To the right of the emulsion 111 a lens L has been illustrated which does not form part of the hologram construction device. This lens forms part of the optical system for analysing the images and has been shown in FIG. 5 in order to indicate how the virtual image produced by the hologram on read-out, can be used to form a real image A1 B1 in a plane Mi ; the plane Mi will in this case be the plane of the target 13 of the optical-electrical detector 14.

As in the case of the device of FIG. 4, it is possible on the same substrate to produce the number of holograms corresponding to the number of phonemes which are to be stored. In the machine for manufacturing the holograms, it is merely necessary to displace the mask 123 in order to remove a fresh portion of photographic emulsion each time a new object is recorded.
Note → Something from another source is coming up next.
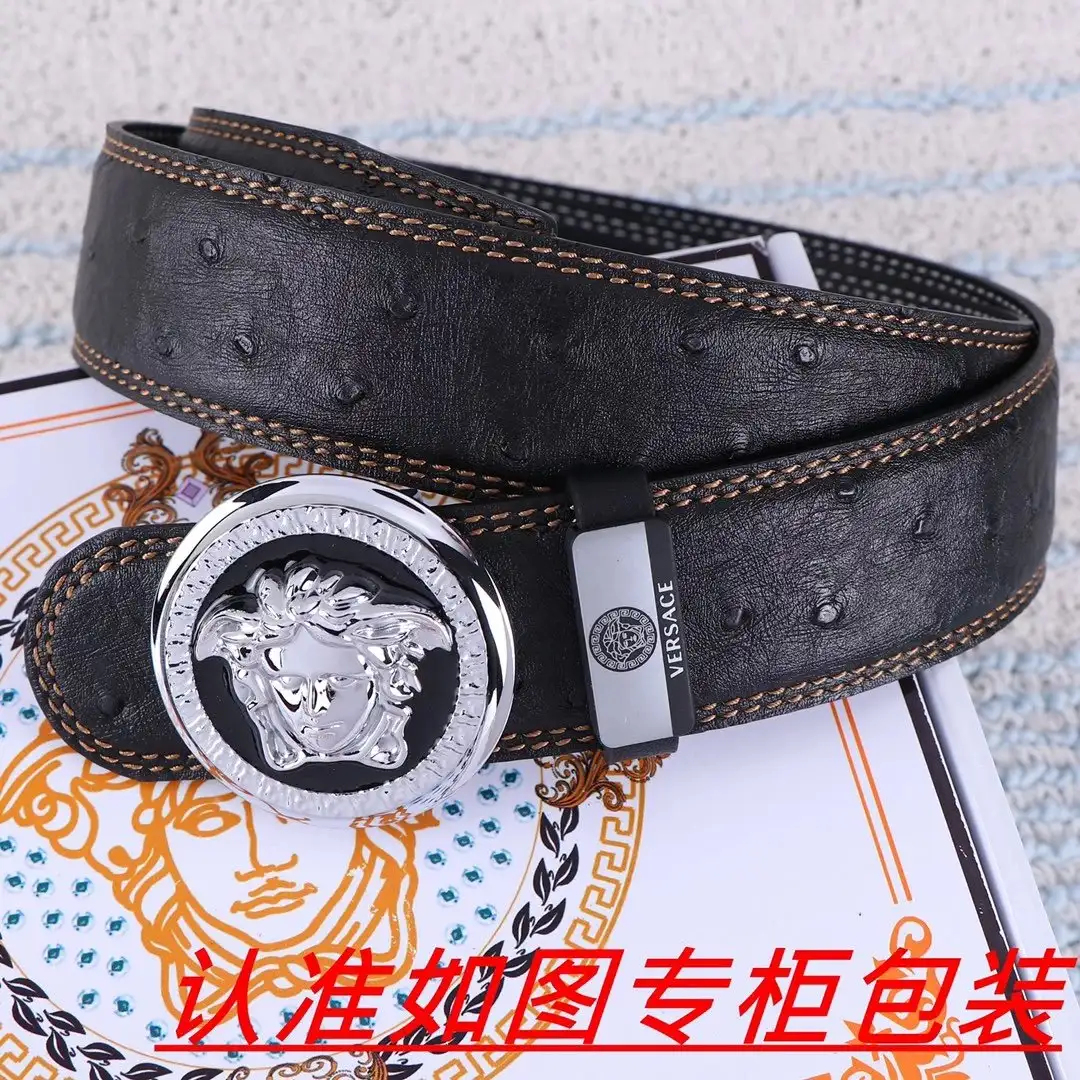 Versace Leather Belt [14 styles] — foto 4 de 6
At the time of reconstruction, the virtual images produced by the hologram are all located in the plane M0 at the distance D1 from the hologram plane. The lens L will convert each of these virtual images into a real image centred in relation to the axis (x, y) on the target of the detector.

In FIG. 5, the reference wave 103 is projected onto the photographic emulsion at the same side as the wave carrying the object, but this reference wave 103 could, by the use of a set of auxiliary mirrors not shown in FIG. 5, be made to illuminate the photographic emulsion on the opposite face, as in the case of FIG. 4.